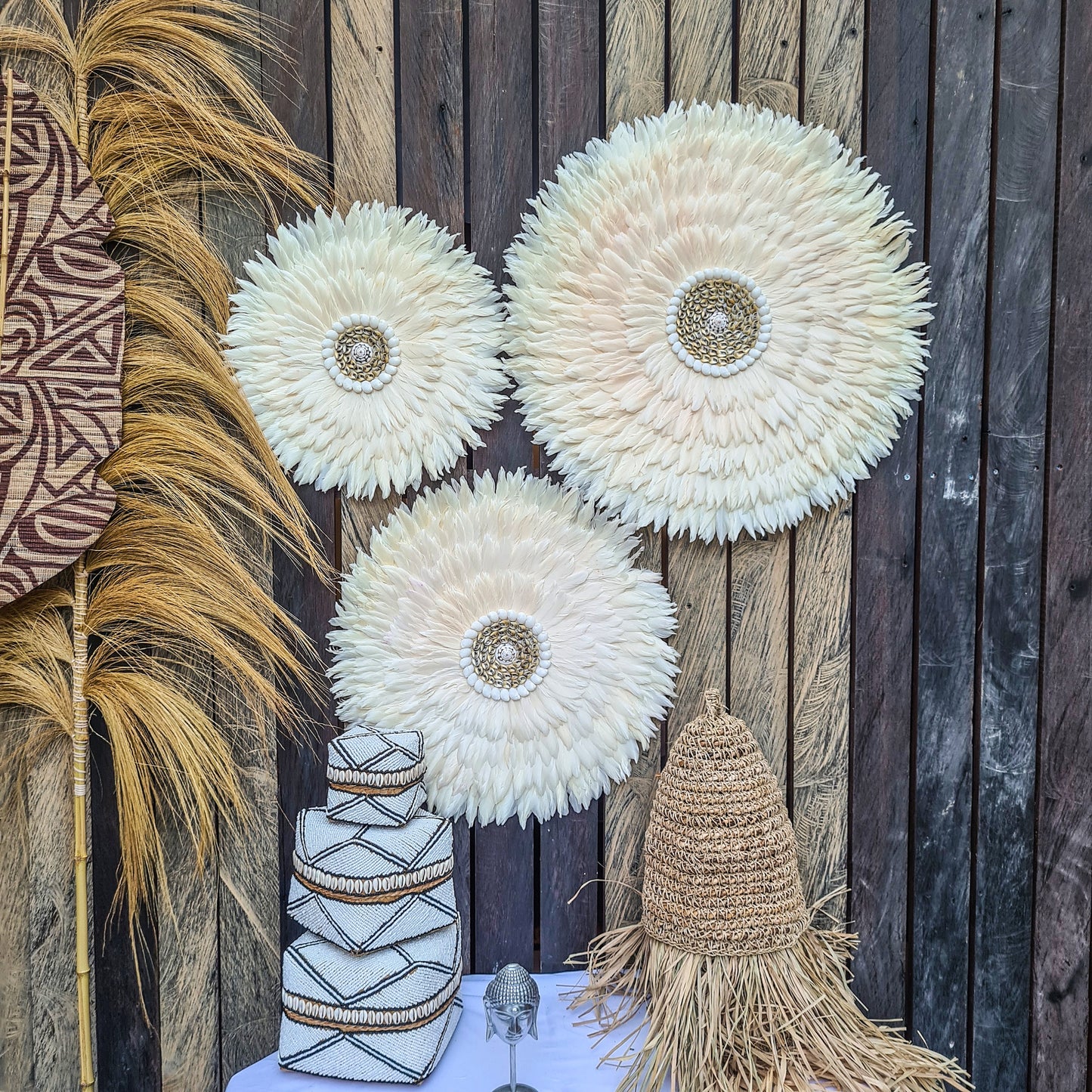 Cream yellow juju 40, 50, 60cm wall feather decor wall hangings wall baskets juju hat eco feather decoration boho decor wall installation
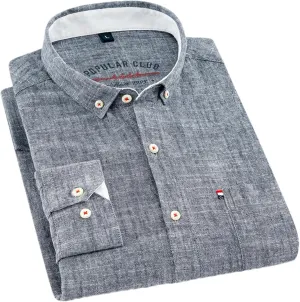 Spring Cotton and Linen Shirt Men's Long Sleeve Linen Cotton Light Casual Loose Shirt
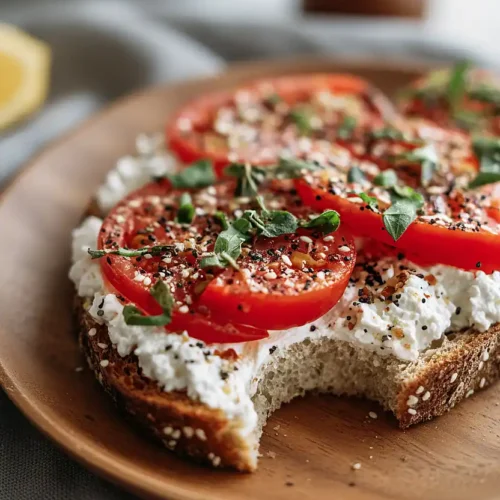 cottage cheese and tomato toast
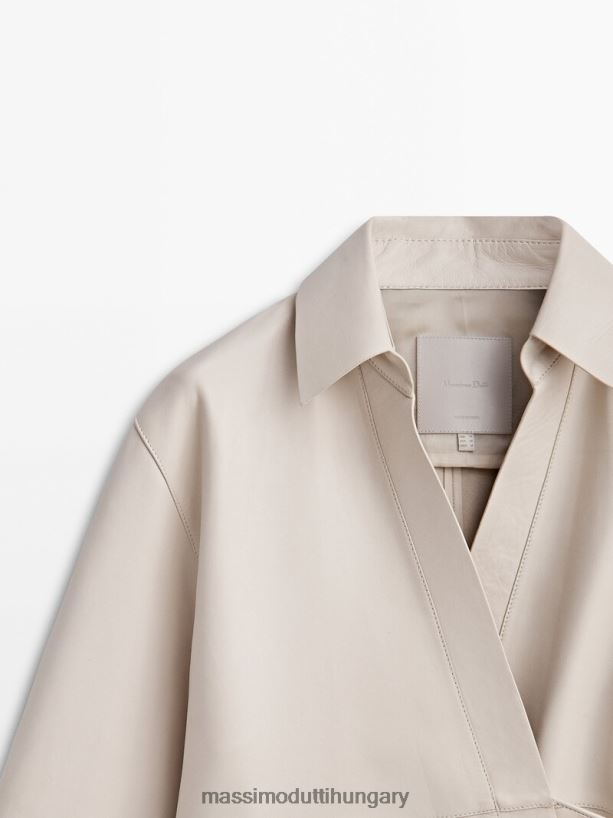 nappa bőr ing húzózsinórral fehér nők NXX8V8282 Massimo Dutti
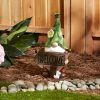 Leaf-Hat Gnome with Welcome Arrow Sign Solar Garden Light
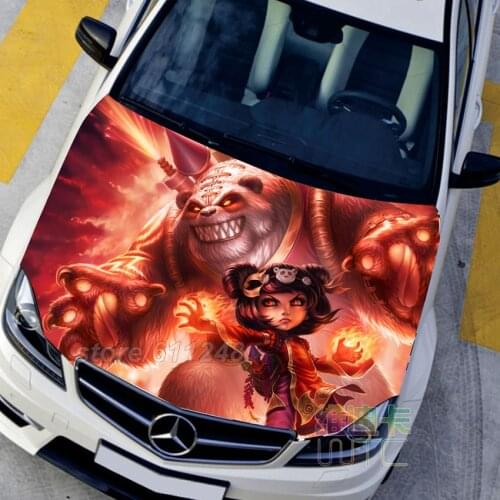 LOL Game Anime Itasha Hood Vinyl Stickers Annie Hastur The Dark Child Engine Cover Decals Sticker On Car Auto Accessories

■ ■ ■ ■ ■

**Exercise brief**
Write the records out once more, exactly as they appear, with no pictures.

**The answer**
 Cream yellow juju 40, 50, 60cm wall feather decor wall hangings wall baskets juju hat eco feather decoration boho decor wall installation
 Spring Cotton and Linen Shirt Men's Long Sleeve Linen Cotton Light Casual Loose Shirt
 cottage cheese and tomato toast
 nappa bőr ing húzózsinórral fehér nők NXX8V8282 Massimo Dutti
 Leaf-Hat Gnome with Welcome Arrow Sign Solar Garden Light
 LOL Game Anime Itasha Hood Vinyl Stickers Annie Hastur The Dark Child Engine Cover Decals Sticker On Car Auto Accessories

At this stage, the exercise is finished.